The proposed system will have two goals. One is to search and retrieve from the Internet any news related to security breaches. The other is to gather or extract facts and rules for the inference engine that supports security management of the organization, or the user.

Regarding first functionality of the system, it may seem unnecessary to search and retrieve information related to security of information, especially of new breaches, when there are a lot of national and international organizations (e.g., CERT) with these goals. Unfortunately, there is another world outside these organizations that is more dynamic and more dangerous: the hacker’s world. Most of the security-related approaches are based on the fixed idea that if enough force is used and enough constraints are enforced, the activity of the hackers can be really controlled. This seems to be a classical military approach. Years of efforts have already proven its lack of efficiency. A more diplomatic solution will be to discreetly intercept the hackers’ social networks where the latest news related to security breaches appears. With this time advantage, a contingency plan within the organization can be developed. As a result, the system must search (using intelligent agents) any underground network that can be accessed or intercepted using an application.

This is possible because the idea is not to discover the real origin of information, the agent will have no problem using http or https over the anonymizer proxies that are used in most cases by the underground. The simulation of a browser signature in order to trick a target system that a real user is behind the request is already a common task. The second source of information, but with lower quality and a high volume of data, is related to the social networks. The ENCHELON system uses the same approach, but no organization can afford its operational costs [20]. As a result, new, cheaper ways of performing the same task must be found (e.g., like using intelligent agents). A filtered file containing a digest of all news will be provided by joining all the data extracted from any source.

As is previously mentioned the other goal of the system will be to help the security officer in better handling the increased flow of news, laws, and regulations related to his work. To do this, an intelligent agent will be placed at the output of any information source. This is necessary because, otherwise, the problem of translating natural language will make the solution unfeasible. The agent will have a dictionary with key terms and some knowledge about the format of the document. In this case, there is a good chance that the most important facts are isolated and extracted from the document. This will lead to an executive summary of the critical information.

In Figure 26.1, the structure of an intelligent agent that will provide the officer with the needed information is presented. As can be seen, the structure is very simple. The agent can be executed without problems on any type of computing node, including mobile devices.

image

Figure 26.1 Security officer interface agent.

The informational flow that must be analyzed by the main system (see Figure 26.2) is the document library, which contains all the security policies, laws, and regulations used by the company. A quick index table of all the documents will be created.

image

Figure 26.2 Main system structure.

In Figure 26.2, the main structure of system is presented. It is created around the intelligent agent framework. The framework will provide dedicated agents to do information retrieval, interfacing with users, data mining, and other tasks needed to maintain the system’s scalability, such as the agent for load balancing or the agent for communication security.

The other module is the communication one. In this approach, a communication agent and a communication module are proposed as separate entities in order to increase security, since this solution will involve supplementary security check points in the communication workflow.
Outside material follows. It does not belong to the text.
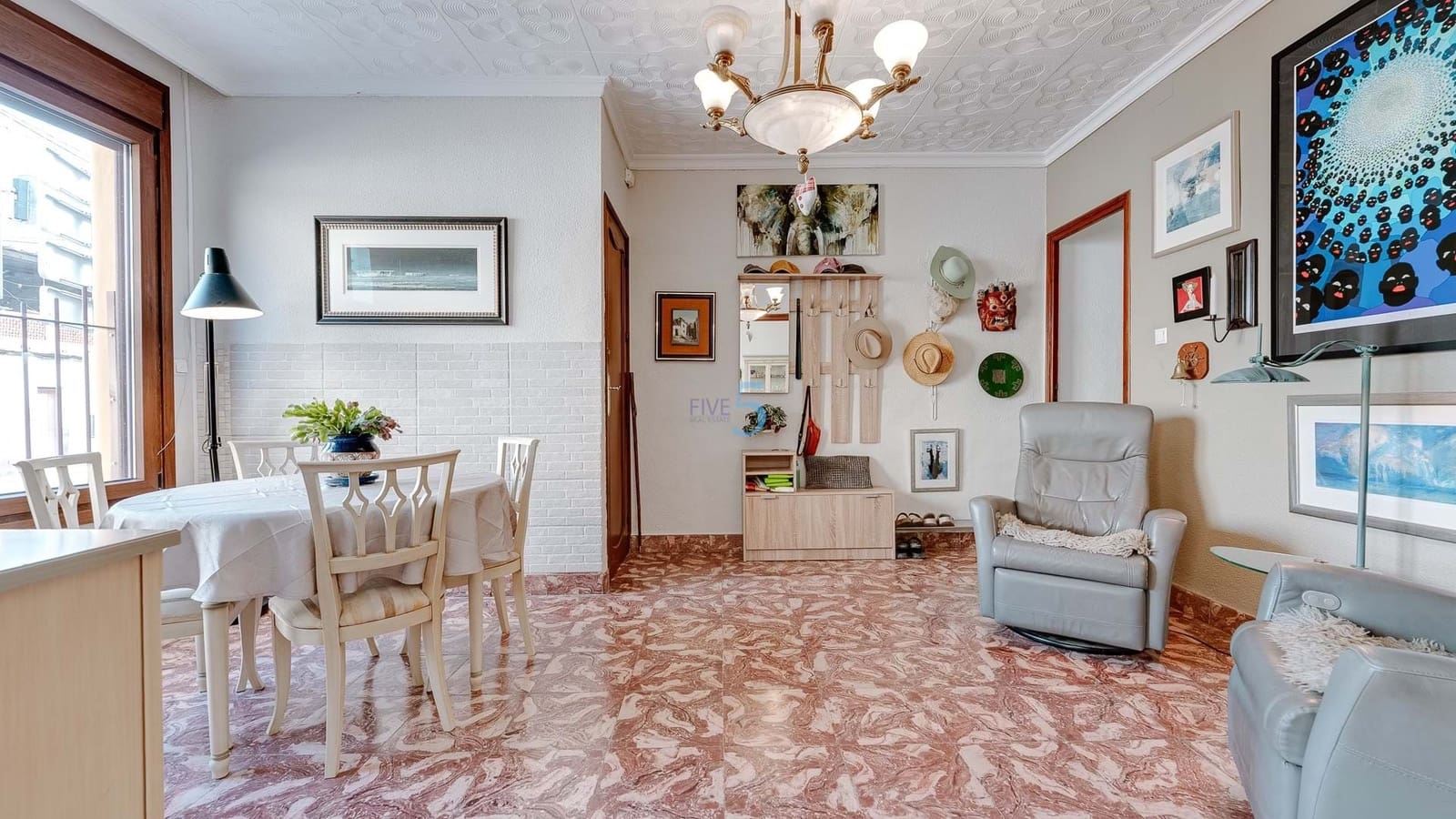 5 bedroom Villa for sale in San Fulgencio with pool garage - € 349,999 (Ref: 9228051)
For the same reason, access to the rest of the system will be not direct but through a separate system interface module. The user interface will provide all that is needed to maintain and set the application to its administrator.

The administrator of the system will configure each dedicated agent according to the data stream that must be acquired. Then the agent begins to search the Internet to find the desired data stream. When the agent comes to a node and finds something, it will search the master list to see if that source is already being processed. If the answer is no, the agent will clone itself and move on to another location. The clone will remain locally and begin to mine information from the data stream. From time to time, each miner will report the newly acquired information to the central base of the system.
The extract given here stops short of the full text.